Article

Semiconductor Litigation: Advanced Process Transitions and the Next Wave of Patent Risk

Fish & Richardson

Authors

Semiconductors are the quiet infrastructure of modern life. Practically every electronic device — from phones and PCs to vehicles and data-center accelerators — depends on manufacturing steps that turn a silicon wafer into billions of interconnected transistors. For decades, the industry advancements were easy to summarize: smaller features, higher density, better performance.

But today’s leading-edge advancements increasingly coincide with something more consequential than simply shrinking the transistor size. The transistor itself has changed shape, moving from traditional 2D planar structures to complex 3D devices. Those architecture shifts are not merely technical milestones; they reshape how patents are drafted, asserted, and defended.

Architecture in transformation: From planar to FinFET to GAA and beyond

Process technology is the manufacturing playbook for how transistors are formed and connected in modern chips. It includes thousands of tightly coupled steps, including material deposition, lithography, etch, implantation, anneal, and planarization, all of which are typically controlled at the nanometer (nm) scale, which is about 50,000 times smaller than a human hair.

For much of the semiconductor industry's history, the dominant device was the planar metal-oxide-semiconductor field effect transistor (MOSFET). In this design, the transistor is effectively a two-dimensional switch. The economics of that era were framed by Dennard scaling; as dimensions shrank, performance improved without a commensurate increase in power. From an intellectual property (IP) perspective, many manufacturers relied on broadly similar and long-developed building blocks, so disputes more often centered on higher-level circuit implementation and layout rather than the transistor architecture itself.

As transistor dimensions shrank below 20nm, planar devices faced increasing electrostatic control, leakage, and variability challenges. At those dimensions, short-channel effects and power-density limits made it harder to maintain the desired on/off behavior using traditional planar geometries.

Beginning around 2011, the industry responded by moving from 2D to 3D device geometries. FinFETs implemented 3D transistor structures where the gate wrapped around the fin on three sides, leading to increased switch control. The next transition — nanosheet or Gate All Around FET (GAAFET) devices — extended that concept by surrounding the channel on four sides, further improving control and variability tolerance. Semiconductor roadmaps now point to even denser variants, including Forksheet FET concepts that pack FETs closer together and complementary FET concepts that stack transistor devices.

How architecture transitions shape dispute dynamics

As process technology evolves, some process advances coincide with changes in device architecture and integration approaches, reflecting a mix of technical, manufacturing, and economic considerations. These shifts can spur work across materials, process integration, and metrology. Patent filings may increase around aspects of those developments depending on where companies choose to invest and how they differentiate their approaches.

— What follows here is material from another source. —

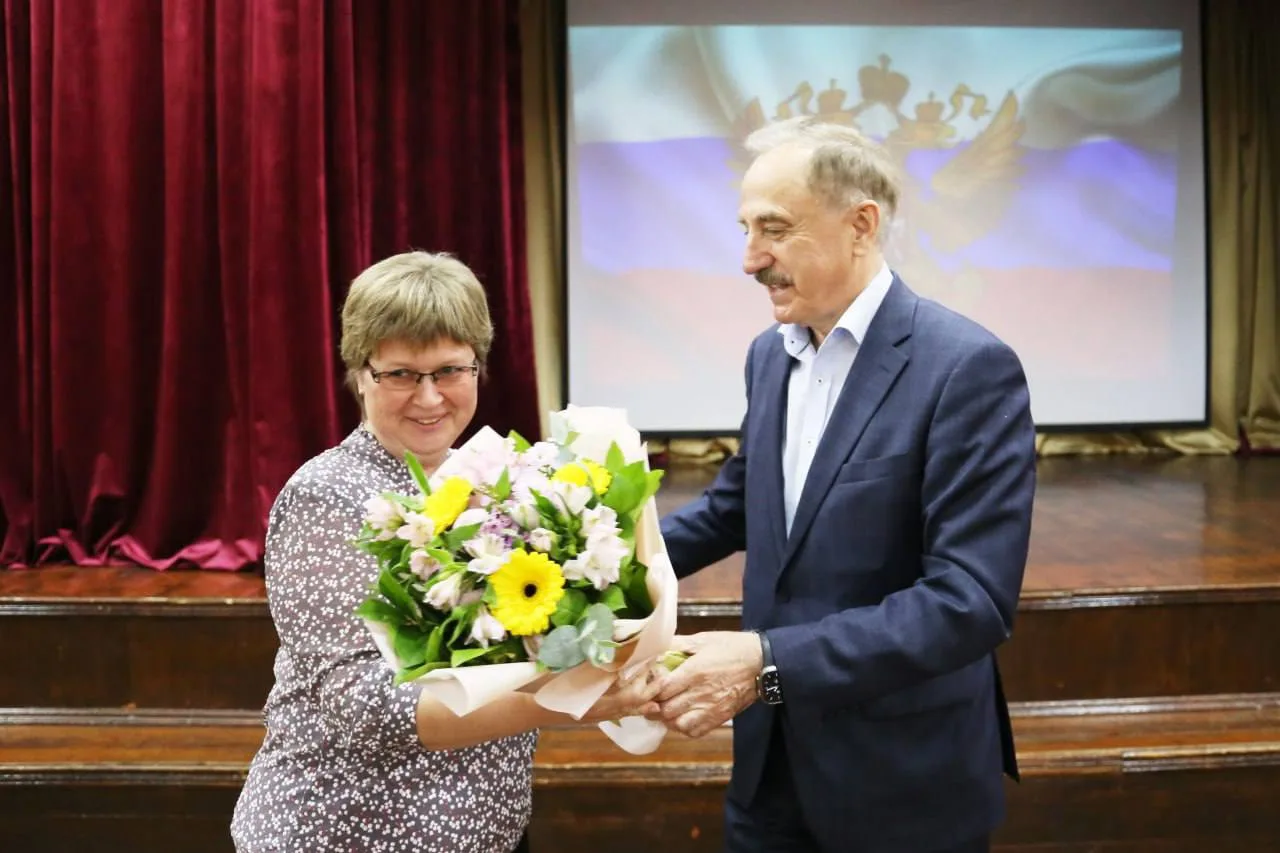 Владимир Ружицкий в честь Дня учителя вручил награды педагогам Люберец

Earlier generations of scaling often offered multiple practical routes to the same design goals, and engineers could frequently pursue different integration choices to meet performance and manufacturability targets. As devices moved further into the nanometer regime, architectural and process-integration decisions have become more tightly coupled to physics, tooling, and design-rule tradeoffs. That environment can increase patent activity around particular approaches that companies view as important to differentiation, yield, or reliability.

Recurring issues for product companies in the 3D era

Leading-edge process transitions also change how disputes are litigated. Several issues recur with particular force:

Party alignment: Product companies, foundries, and suppliers

Product companies are often named because they ship the accused devices, while relevant technical information may be distributed across foundries and supply-chain partners. That distribution can complicate how information is gathered, protected, and shared, and how responsibilities are allocated through commercial arrangements. That asymmetry can increase the importance of supply-chain coordination in litigation, from how information is gathered and protected to how responsibilities are allocated through commercial terms.

Third-party discovery explodes (foundry/tool/materials vendors)

As architectures evolve, some information relevant to technical questions in a dispute may reside with foundries, tool vendors, or materials suppliers (for example, qualification records, interface characterizations, or process-monitoring datasets). Subpoenas and cross-border procedures may therefore play a larger role, with corresponding cost and scheduling implications. In practice, proportionality and sequencing considerations can shape the scope, timing, and burden of third-party production where sensitive process information is implicated.

Protective orders become increasingly important

Advanced-process disputes can involve requests for sensitive manufacturing and process-control information, including process-window documentation, yield-related analyses, inline metrology data, and tool-configuration details. Because the competitive sensitivity of such materials can vary, protective-order discussions often focus on calibrating access and handling rules to the circumstances. Depending on the case, that can include measures such as role-based access, limits on dissemination, and neutral review mechanisms.

Enablement and written description attacks become more potent (and more common)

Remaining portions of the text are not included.